**** EXERCISE MATERIALS ****
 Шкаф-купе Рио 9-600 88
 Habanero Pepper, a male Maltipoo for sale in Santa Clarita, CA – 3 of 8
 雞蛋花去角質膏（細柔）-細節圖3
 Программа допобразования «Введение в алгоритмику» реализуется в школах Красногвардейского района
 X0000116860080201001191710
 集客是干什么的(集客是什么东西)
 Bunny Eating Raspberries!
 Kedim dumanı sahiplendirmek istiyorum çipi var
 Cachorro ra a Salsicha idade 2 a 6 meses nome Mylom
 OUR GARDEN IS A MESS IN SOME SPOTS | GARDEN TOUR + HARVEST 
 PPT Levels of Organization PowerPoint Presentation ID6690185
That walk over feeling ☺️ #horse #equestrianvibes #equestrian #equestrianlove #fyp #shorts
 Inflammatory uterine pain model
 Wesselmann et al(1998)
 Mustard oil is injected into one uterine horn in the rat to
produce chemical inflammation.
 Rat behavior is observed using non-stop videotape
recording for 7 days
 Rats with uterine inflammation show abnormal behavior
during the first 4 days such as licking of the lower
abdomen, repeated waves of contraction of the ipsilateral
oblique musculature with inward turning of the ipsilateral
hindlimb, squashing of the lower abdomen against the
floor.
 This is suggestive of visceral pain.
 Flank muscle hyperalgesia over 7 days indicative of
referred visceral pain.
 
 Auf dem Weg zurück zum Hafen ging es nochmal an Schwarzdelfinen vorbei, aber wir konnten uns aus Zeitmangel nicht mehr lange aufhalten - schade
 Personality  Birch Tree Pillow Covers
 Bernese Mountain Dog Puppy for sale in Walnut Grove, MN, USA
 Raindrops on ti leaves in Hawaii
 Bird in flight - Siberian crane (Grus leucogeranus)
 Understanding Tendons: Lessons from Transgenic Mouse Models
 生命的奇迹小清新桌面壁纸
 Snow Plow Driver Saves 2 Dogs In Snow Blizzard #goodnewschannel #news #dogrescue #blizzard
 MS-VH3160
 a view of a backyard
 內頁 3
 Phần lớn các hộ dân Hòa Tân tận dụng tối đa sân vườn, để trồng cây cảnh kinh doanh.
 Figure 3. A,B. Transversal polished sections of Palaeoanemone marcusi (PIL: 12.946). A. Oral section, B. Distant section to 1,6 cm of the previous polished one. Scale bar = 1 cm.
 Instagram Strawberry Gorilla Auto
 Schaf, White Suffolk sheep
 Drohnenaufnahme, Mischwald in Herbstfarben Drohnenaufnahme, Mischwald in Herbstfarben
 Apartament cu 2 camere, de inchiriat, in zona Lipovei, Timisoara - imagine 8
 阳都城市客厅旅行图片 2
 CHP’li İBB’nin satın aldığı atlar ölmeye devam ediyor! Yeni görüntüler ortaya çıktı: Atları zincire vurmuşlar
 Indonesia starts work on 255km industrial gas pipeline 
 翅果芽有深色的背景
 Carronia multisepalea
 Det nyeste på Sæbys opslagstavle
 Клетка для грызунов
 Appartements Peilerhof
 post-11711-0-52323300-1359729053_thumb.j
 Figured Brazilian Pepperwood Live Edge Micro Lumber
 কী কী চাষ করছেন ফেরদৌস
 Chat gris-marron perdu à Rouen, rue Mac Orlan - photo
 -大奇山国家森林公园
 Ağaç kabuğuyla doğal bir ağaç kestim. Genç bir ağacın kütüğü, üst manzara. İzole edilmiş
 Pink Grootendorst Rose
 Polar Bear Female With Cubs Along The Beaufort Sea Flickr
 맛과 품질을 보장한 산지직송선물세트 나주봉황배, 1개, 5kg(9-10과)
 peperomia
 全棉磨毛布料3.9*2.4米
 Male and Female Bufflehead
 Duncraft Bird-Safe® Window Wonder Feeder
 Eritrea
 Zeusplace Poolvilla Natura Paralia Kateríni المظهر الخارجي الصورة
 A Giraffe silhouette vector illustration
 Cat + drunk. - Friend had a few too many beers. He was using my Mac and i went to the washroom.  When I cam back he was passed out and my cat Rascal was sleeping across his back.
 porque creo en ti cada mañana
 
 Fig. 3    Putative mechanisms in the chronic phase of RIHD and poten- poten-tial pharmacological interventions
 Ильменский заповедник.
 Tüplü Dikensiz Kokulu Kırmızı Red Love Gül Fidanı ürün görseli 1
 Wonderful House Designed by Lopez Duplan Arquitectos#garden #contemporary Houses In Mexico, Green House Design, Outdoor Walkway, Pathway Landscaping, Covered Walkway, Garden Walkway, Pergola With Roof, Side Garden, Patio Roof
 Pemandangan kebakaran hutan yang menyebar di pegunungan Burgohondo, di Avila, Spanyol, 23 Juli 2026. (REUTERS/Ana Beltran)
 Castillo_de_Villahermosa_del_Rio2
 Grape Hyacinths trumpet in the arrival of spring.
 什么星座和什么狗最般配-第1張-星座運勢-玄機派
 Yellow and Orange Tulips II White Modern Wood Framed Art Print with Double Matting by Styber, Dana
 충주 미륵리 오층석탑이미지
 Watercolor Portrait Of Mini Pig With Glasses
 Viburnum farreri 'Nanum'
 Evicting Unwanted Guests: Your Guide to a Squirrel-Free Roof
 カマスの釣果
****
ACTIVITY:
Write out exactly the lines above from the line with "阳都城市客厅旅行图片 2" through the line with "Клетка для грызунов", both of them included, and leave out all other lines.

FINISHED EXERCISE:
 阳都城市客厅旅行图片 2
 CHP’li İBB’nin satın aldığı atlar ölmeye devam ediyor! Yeni görüntüler ortaya çıktı: Atları zincire vurmuşlar
 Indonesia starts work on 255km industrial gas pipeline 
 翅果芽有深色的背景
 Carronia multisepalea
 Det nyeste på Sæbys opslagstavle
 Клетка для грызунов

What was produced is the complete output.